I want to go back to the beginning now and explore this a bit further, i think my view of management has changed as i've got older, as i've learned more about business and as i've been hoiked up the corporate ladder by someone at the top (lets be honest here - there's no way i should be a director just yet - but i inhabit a small family firm with my father as the leader).

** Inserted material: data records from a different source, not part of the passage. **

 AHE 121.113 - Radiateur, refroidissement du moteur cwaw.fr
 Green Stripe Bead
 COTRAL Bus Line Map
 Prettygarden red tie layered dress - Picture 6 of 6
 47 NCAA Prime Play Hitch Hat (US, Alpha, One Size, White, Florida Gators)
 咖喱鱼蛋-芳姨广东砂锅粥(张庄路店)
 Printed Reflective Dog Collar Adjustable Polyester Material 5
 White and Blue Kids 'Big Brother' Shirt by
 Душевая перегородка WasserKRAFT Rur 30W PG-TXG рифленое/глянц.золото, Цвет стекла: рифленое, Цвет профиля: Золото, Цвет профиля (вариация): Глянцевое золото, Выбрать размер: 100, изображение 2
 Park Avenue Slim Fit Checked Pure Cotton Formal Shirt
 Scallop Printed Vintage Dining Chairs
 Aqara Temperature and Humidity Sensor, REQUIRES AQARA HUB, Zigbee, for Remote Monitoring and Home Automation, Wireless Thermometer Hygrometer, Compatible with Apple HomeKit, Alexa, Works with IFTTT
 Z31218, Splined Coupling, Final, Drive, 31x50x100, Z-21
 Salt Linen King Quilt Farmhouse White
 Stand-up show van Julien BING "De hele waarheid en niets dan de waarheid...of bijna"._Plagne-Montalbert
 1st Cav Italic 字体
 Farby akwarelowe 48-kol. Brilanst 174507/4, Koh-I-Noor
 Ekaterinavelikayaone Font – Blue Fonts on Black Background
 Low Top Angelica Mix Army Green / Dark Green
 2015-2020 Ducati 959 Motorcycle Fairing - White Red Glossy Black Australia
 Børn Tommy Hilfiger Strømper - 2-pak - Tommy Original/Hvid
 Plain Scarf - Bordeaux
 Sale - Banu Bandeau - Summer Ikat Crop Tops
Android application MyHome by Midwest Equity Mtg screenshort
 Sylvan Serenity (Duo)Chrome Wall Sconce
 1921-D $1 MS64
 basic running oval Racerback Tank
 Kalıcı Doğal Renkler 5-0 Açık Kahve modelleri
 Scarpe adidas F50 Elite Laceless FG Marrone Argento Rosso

At Securicor there was a constant flow of managers in and managers out, it was a stressful job clearly, i thought it was hard in the van managing customers on the ground but the managers got it in the neck from all the customers all day long. I think they'd had enough of my bolshiness in the vans when there was suddenly 2 spaces in management (in fact CIT at that time had no managers as they'd both left simultaneously) and several people suggested i apply. I didn't (although i thought about it) because it sort of terrified me being on the other side of the fence, i was only 22 and thought i was way too young to be in charge of people who were in many cases decades older than i with many more years of experience in CIT, let alone life! I knew that once you crossed that invisible line with the word 'management' on it, you were never the same. My point was proven when one of my allies was one who moved up to that higher sphere - we barely spoke after that. I think at the time i saw Management (with a capital M) as a dominate and control position, one which was not unattractive to me, being that i have a dominant personality and a desire to control matters (people and events), but i also saw it as a negative thing within the context of the work i was doing. I was shop floor and the camaraderie you experience there was very much 'us and them'. At the time i didn't want to be 'them' because i was scared of losing my mates, but i was also hungry for promotion and in hindsight i sometimes kick myself for not applying (i probably wouldn't have got it anyway). Soon after i left to move to Hertfordshire and on to more complicated matters.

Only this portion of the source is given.